Description: Restriction of a class as a class of ordered pairs. (Contributed by Peter Mazsa, 2-Jan-2019)

Ref Expression
Assertion inxprnres 
|- ( R i^i ( A X. ran ( R |` A ) ) ) = { <. x , y >. | ( x e. A /\ x R y ) }

Proof

Step Hyp Ref Expression
1 relinxp 
 |-  Rel ( R i^i ( A X. ran ( R |` A ) ) )
2 relopabv 
 |-  Rel { <. x , y >. | ( x e. A /\ x R y ) }
3 eleq1w 
 |-  ( x = z -> ( x e. A <-> z e. A ) )
4 breq1 
 |-  ( x = z -> ( x R y <-> z R y ) )
5 3 4 anbi12d 
 |-  ( x = z -> ( ( x e. A /\ x R y ) <-> ( z e.

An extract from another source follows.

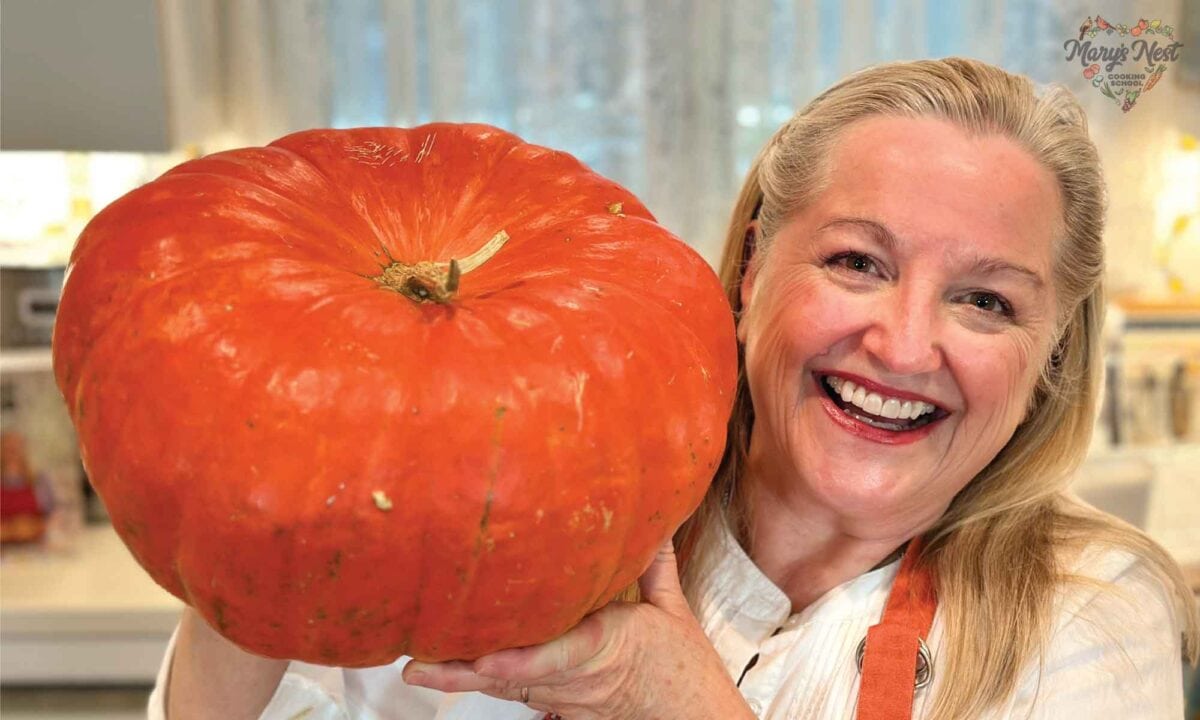 Mary holding a pumpkin.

A /\ z R y ) ) )
6 breq2 
 |-  ( y = w -> ( z R y <-> z R w ) )
7 6 anbi2d 
 |-  ( y = w -> ( ( z e. A /\ z R y ) <-> ( z e. A /\ z R w ) ) )
8 5 7 opelopabg 
 |-  ( ( z e. _V /\ w e. _V ) -> ( <. z , w >. e. { <. x , y >. | ( x e. A /\ x R y ) } <-> ( z e. A /\ z R w ) ) )
9 8 el2v 
 |-  ( <. z , w >. e. { <. x , y >. | ( x e. A /\ x R y ) } <-> ( z e. A /\ z R w ) )
10 brinxprnres 
 |-  ( w e. _V -> ( z ( R i^i ( A X. ran ( R |` A ) ) ) w <-> ( z e. A /\ z R w ) ) )
11 10 elv 
 |-  ( z ( R i^i ( A X. ran ( R |` A ) ) ) w <-> ( z e. A /\ z R w ) )
12 df-br 
 |-  ( z ( R i^i ( A X. ran ( R |` A ) ) ) w <-> <. z , w >. e. ( R i^i ( A X. ran ( R |` A ) ) ) )
13 9 11 12 3bitr2ri 
 |-  ( <. z , w >. e. ( R i^i ( A X. ran ( R |` A ) ) ) <-> <. z , w >. e. { <. x , y >. | ( x e. A /\ x R y ) } )
14 1 2 13 eqrelriiv 
 |-  ( R i^i ( A X. ran ( R |` A ) ) ) = { <. x , y >. | ( x e. A /\ x R y ) }